We should be respectful, even when we sometimes aren't treated with respect, but sometimes we will get angry about a lack of access to information we believe the public has a right to know. Sometimes that's considered rude. Although I'm mild-mannered, I have used my outdoor voice indoors on more than one occasion.
But we're not looking for friends. This is our job. We don't need to be loved. I've got a wife, kids and a dog who I'm pretty sure love me. The dog is old and deaf, but he's happy to see me at breakfast and dinner. Oddly, many of my actual friends are barely interested in what I do for a living. Probably not a coincidence.
So we're OK with the subtle contempt. But dislike for the profession and actually arresting people for performing it isn't just crossing a line, it's setting the Constitution on fire.
Heyman's case made national headlines because it involved a sitting U.S. Cabinet member, but I'm concerned about how often this kind of thing happens and the chilling effect it has on members of the press, and more importantly, on the public's right to know.
We don't make a big splash of it, but just in my own tenure I know of a few occasions where our journalists were threatened with arrest for things such as taking photographs, and in one case (and I'm not making this up) covering a school strike while standing on school property.

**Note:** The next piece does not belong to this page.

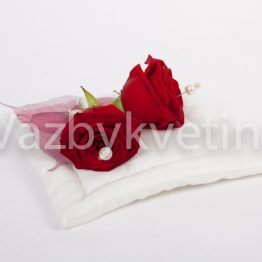 Polštářek na prstýnky z rudých růží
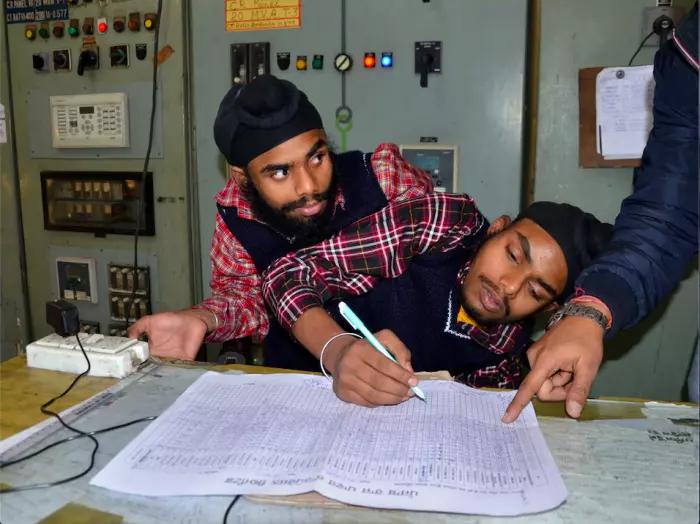 印度连体双胞胎兄弟,印度连体姐妹同嫁一个男人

This isn't a partisan issue in the least. The Barack Obama administration had a deplorable record when it came to going after journalists. This is a power issue. This is the government trying to control journalists and controlling the public's right to know whatever information the government deems appropriate.
As a news consumer or citizen, maybe you don't like the question, the publication, TV station or simply the journalist. Maybe the question has a liberal slant or a conservative bias. That's not the point. The point is we can't be arresting journalists for asking questions. That's their job.
If we're willing to do that to journalists, why not do it to citizens, too? Guy raises his voice at a city council meeting? Put him in cuffs. The county board chairman doesn't care for your tone? Try on these orange pajamas.
They don't do that because citizens rightly would be up in arms. Why should it be any different when they do it to journalists?
Information is power. And hiding information, avoiding questions, throwing cloaks over what should be transparent are all means of trying to maintain power. It's not about whether one reporter's personality quirks are annoying or not. Being annoying isn't a crime. It's about trying to control people who are seeking information for dissemination to the public.
Using the power of the police to stifle that process is a vile attack on the First Amendment. That's why we need to come to the defense of people such as Heyman and anyone like him.